Supplied entries:

□ □ □

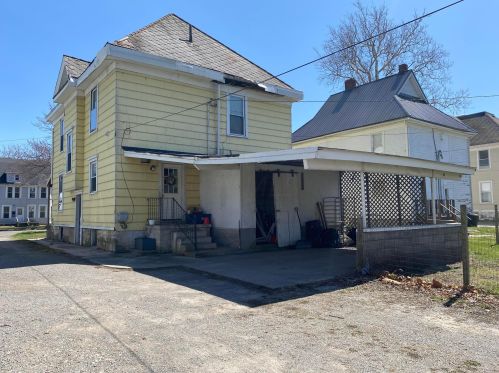 612 Main St, Bellefontaine OH  43311-1726 exterior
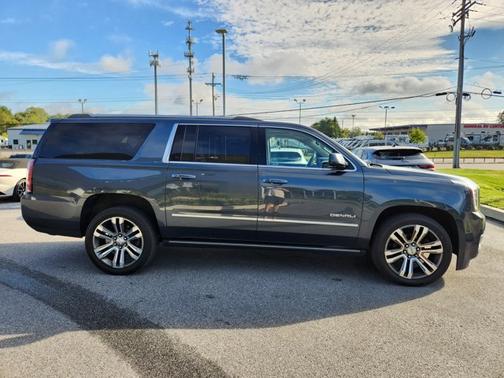2020 GMC Yukon XL Denali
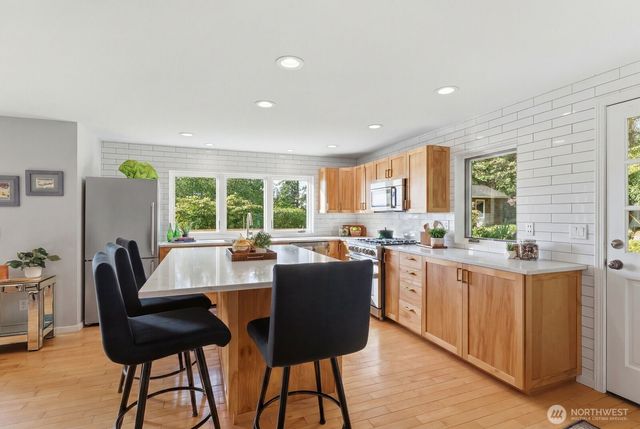 1113 Goat Trail Road, Mukilteo, WA 98275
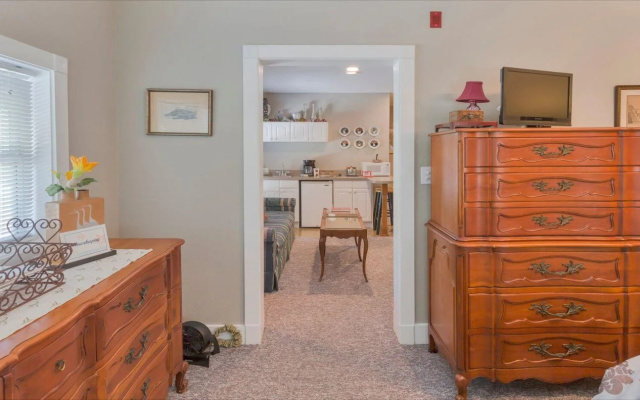 Meranova Guest Inn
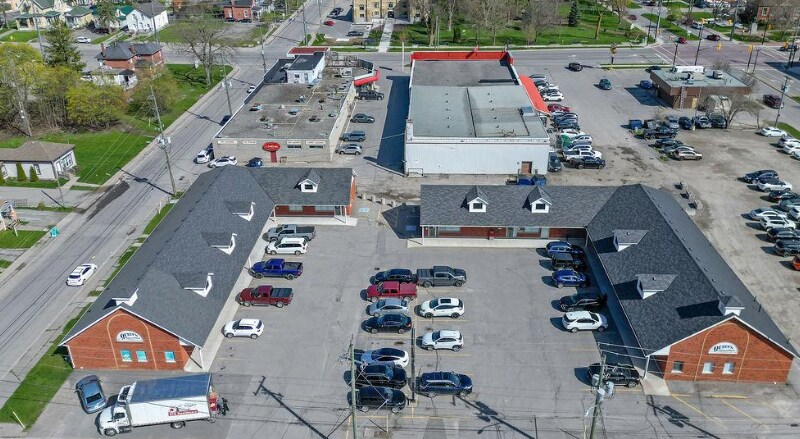 84-86 Russell St W, Kawartha Lakes, ON à vendre Aérien- Image 1 de 1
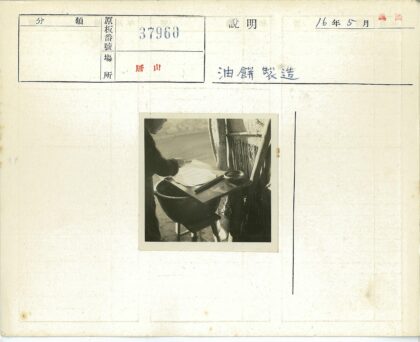 工匠手工制作传统罐子.jpg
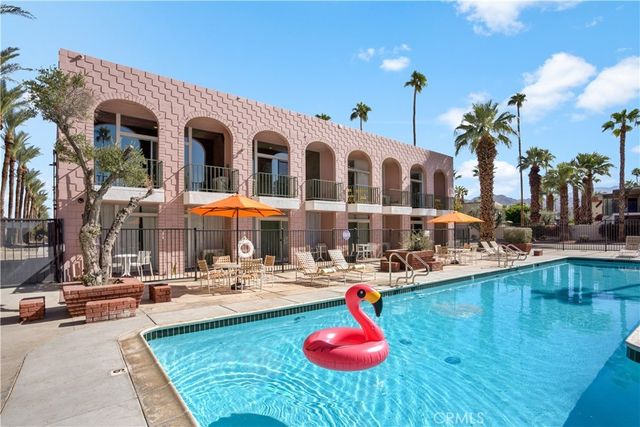74380 El Camino, Palm Desert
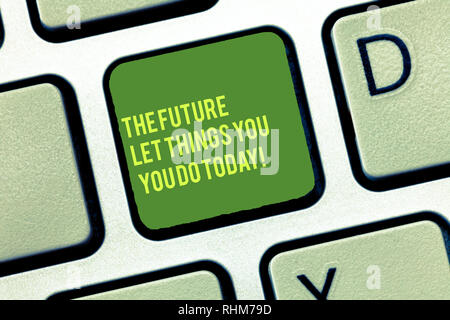 Testo della scrittura scrivere il futuro dipende da ciò che si fa oggi. Concetto significato fare cose ora per ottenere il successo dei tasti della tastiera intenzione di creare c Foto Stock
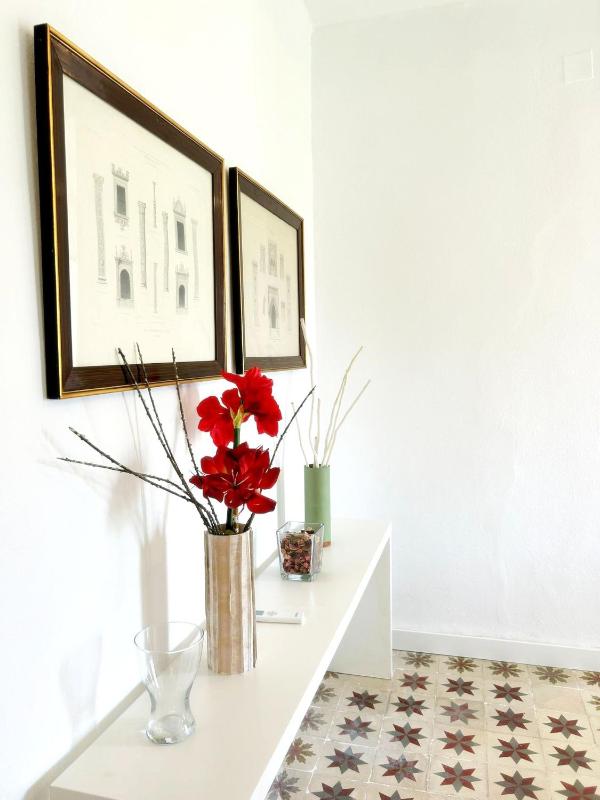 Large Two-Bedroom Apartment image 3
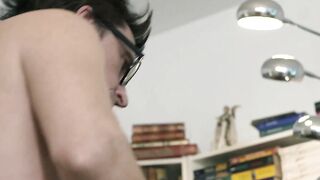 Amateur celeb falls for cheap pickup lines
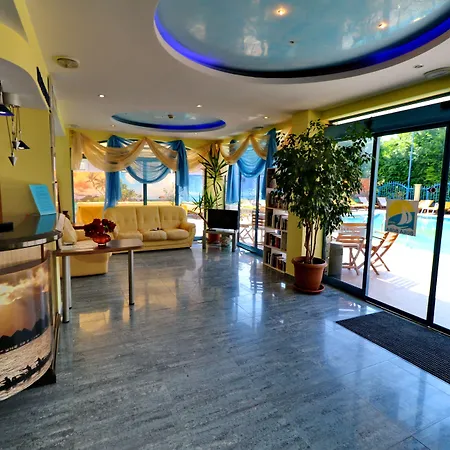 Bora Bora Hotel Slantschew brjag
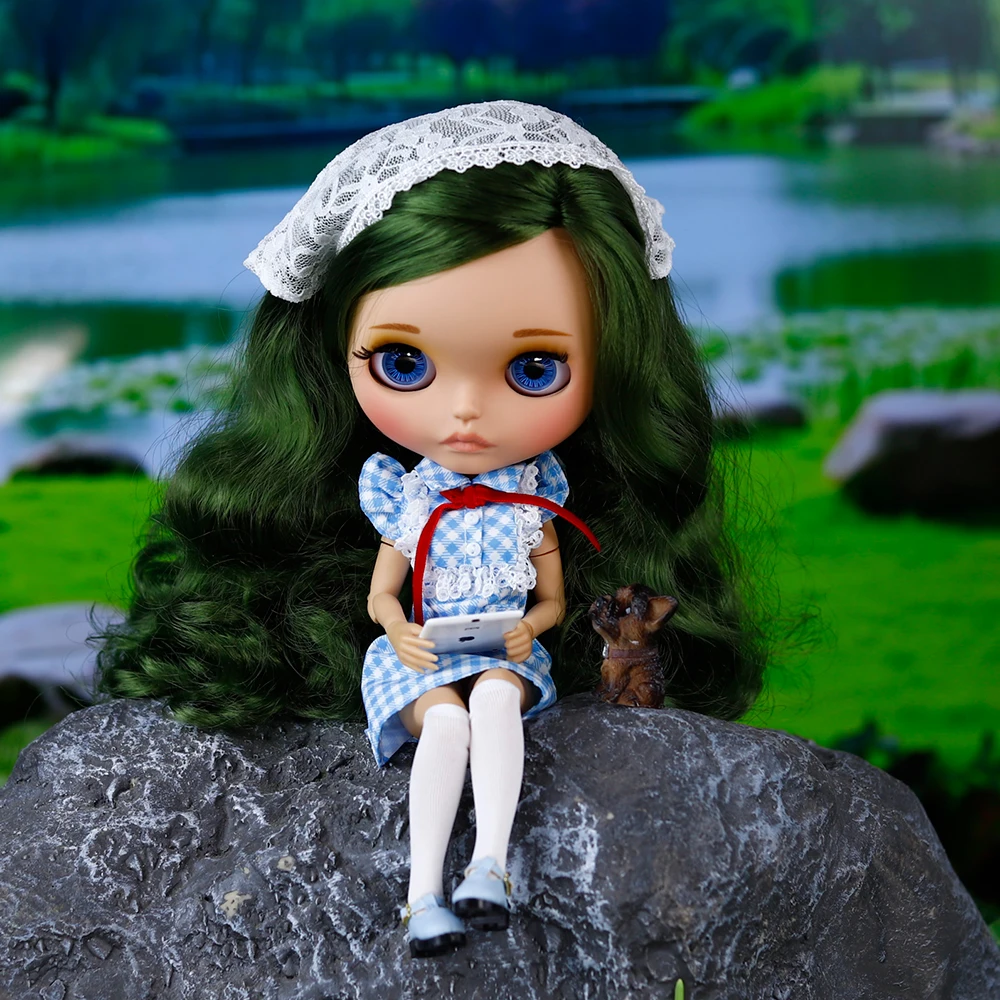 

ICY DBS Blyth Doll 30cm Tan Skin Matte Face Moss Green Hair Anime Girl with Clothes and Shoes 19 Joints Body Festival Girl Gift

□ □ □

Task details:
Print each line from the one containing "1113 Goat Trail Road, Mukilteo, WA 98275" through the last line of the listing, both included, exactly and with no pictures.

Response:
 1113 Goat Trail Road, Mukilteo, WA 98275
 Meranova Guest Inn
 84-86 Russell St W, Kawartha Lakes, ON à vendre Aérien- Image 1 de 1
 工匠手工制作传统罐子.jpg
74380 El Camino, Palm Desert
 Testo della scrittura scrivere il futuro dipende da ciò che si fa oggi. Concetto significato fare cose ora per ottenere il successo dei tasti della tastiera intenzione di creare c Foto Stock
 Large Two-Bedroom Apartment image 3
 Amateur celeb falls for cheap pickup lines
 Bora Bora Hotel Slantschew brjag

ICY DBS Blyth Doll 30cm Tan Skin Matte Face Moss Green Hair Anime Girl with Clothes and Shoes 19 Joints Body Festival Girl Gift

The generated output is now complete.